Despite its size, Rome is a very walkable city. Given the amount of traffic, it’s sometimes preferable to simply pull on a good pair of shoes, preload a Google map of the area you want to explore on your phone (GPS works even if you don’t have cell service), and then head out with a few others to see the sites that aren’t included on your tour. For two nights, we did this, racking up miles on our pedometers while seeing some attractions that appear far more romantic at night.
We had to cross the Tiber River to begin our tours, but the view of St. Peter’s Basilica is breathtaking at twilight.
Fountains are Fab
Over two-thousand fountains can be found in the Eternal City—more than in any other city in the world. Fifty of those are considered monumental fountains. We made it our mission to visit as many as we could.
The Fontana del Pantheon can be found directly in front of the Pantheon in the Piazza del Rotunda. Atop the fountain is the Egyptian Obelisk. Commissioned by Pope Gregory XIII and designed by Giacomo Della Porta in 1575, the fountain was sculpted out of marble by Leonardo Sormani. The redesign of the fountain in 1711 by Filippo Barigioni added the the Macuteo obelisk (originally created during the period of Ramses II) set in the centre on a plinth with four dolphins decorating the base.
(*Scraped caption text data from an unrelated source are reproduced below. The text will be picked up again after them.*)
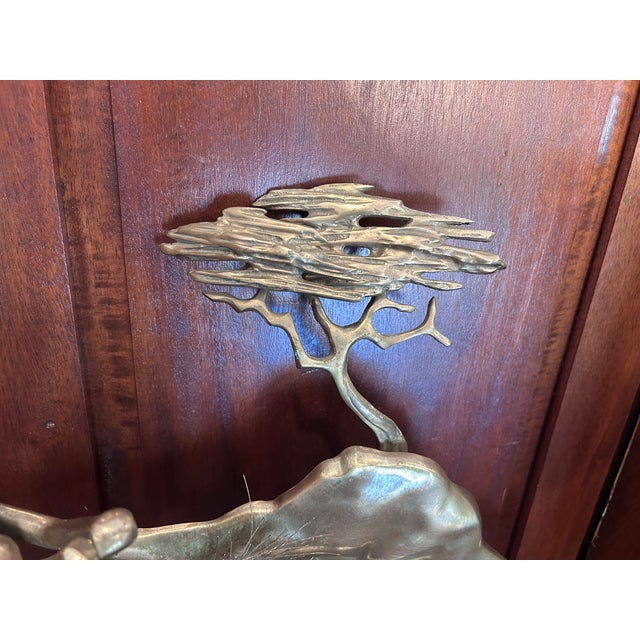 This is a Bijan of California brass Pebble Beach wall art. It’s in great condition.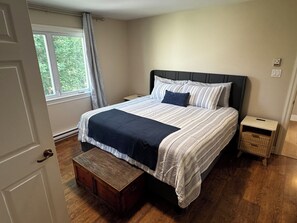 A bedroom with a bed, a nightstand, a wooden chest, a window with curtains, and a thermostat on the wall. - Getaway to Mahone Bay Nova Scotia (Mahone Bay)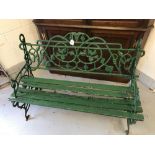 20th cent. Cast iron, two seater garden bench with scrolled arm rests. Five wood slats a/f. 47ins. x
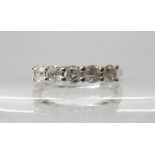 An 18ct white gold five stone diamond ring, estimated approx combined diamond content 0.80cts,
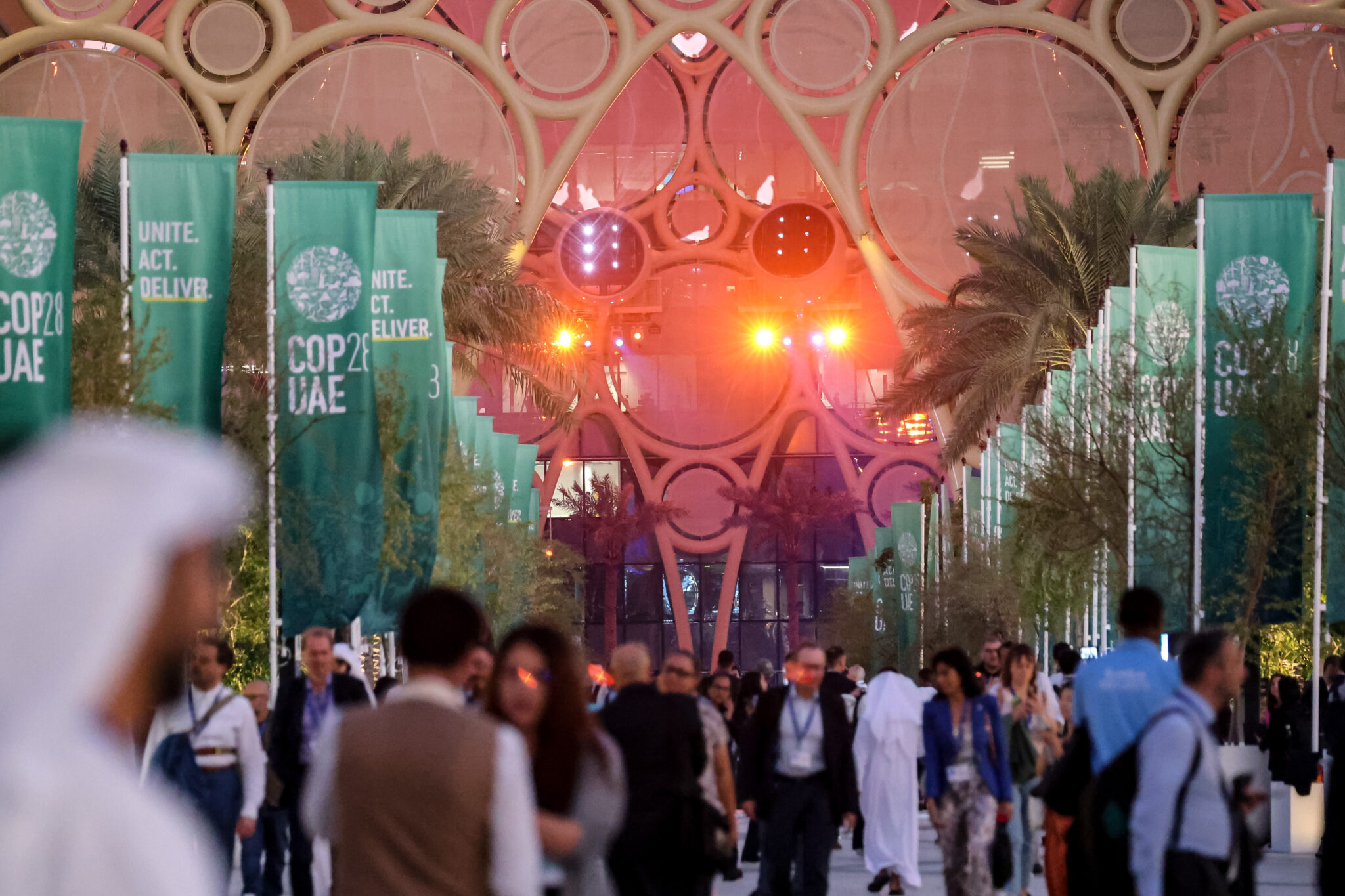 Participants walk in the Blue Zone on Wednesday during the COP28 climate conference in Dubai. Credit: Dominika Zarzycka/NurPhoto via Getty Images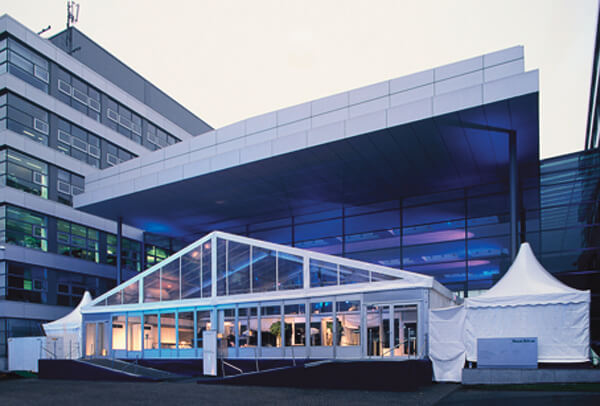Aerial view of Anchor Industries transparent clear span tent at city event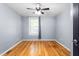 This bedroom offers hardwood floors, a ceiling fan, and a window with natural light at 307 W Austin St, Mebane, NC 27302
The Fontana Dei Quattro Fiumi (Fountain of the Four Rivers) can be found in the Piazza Navona. Designed in 1651 by Gian Lorenzo Bernini for Pope Innocent X, the fountain stood in front Innocent’s family palace, the Palazzo Pamphili. It depicts the Gods of the four great rivers in the four known continents of the time: the Nile in Africa, the Ganges in Asia, the Danube in Europe, and the Río de la Plata in America.
At the north end of Piazza Navona is the Fontana de Neptune. This was once called the Fontana dei Calderan because a nearby alley was home to blacksmiths and those who made metal pots and pans.
The Fontana della Barcaccia (Fountain of the Boat), is a Baroque-style fountain found at the foot of the Spanish Steps in Rome’s Piazza di Spagna. This one has a particularly interesting history. According to legend, as the River Tiber flooded in 1598, water carried a small boat into the Piazza di Spagna. When the water receded, a boat was deposited in the center of the square. When Pope Urban VIII commissioned Pietro Bernini in 1623 to build the fountain, Bernini was inspired by the story. He designed the fountain to be the shape of a half-sunken ship with water overflowing its sides into a small basin.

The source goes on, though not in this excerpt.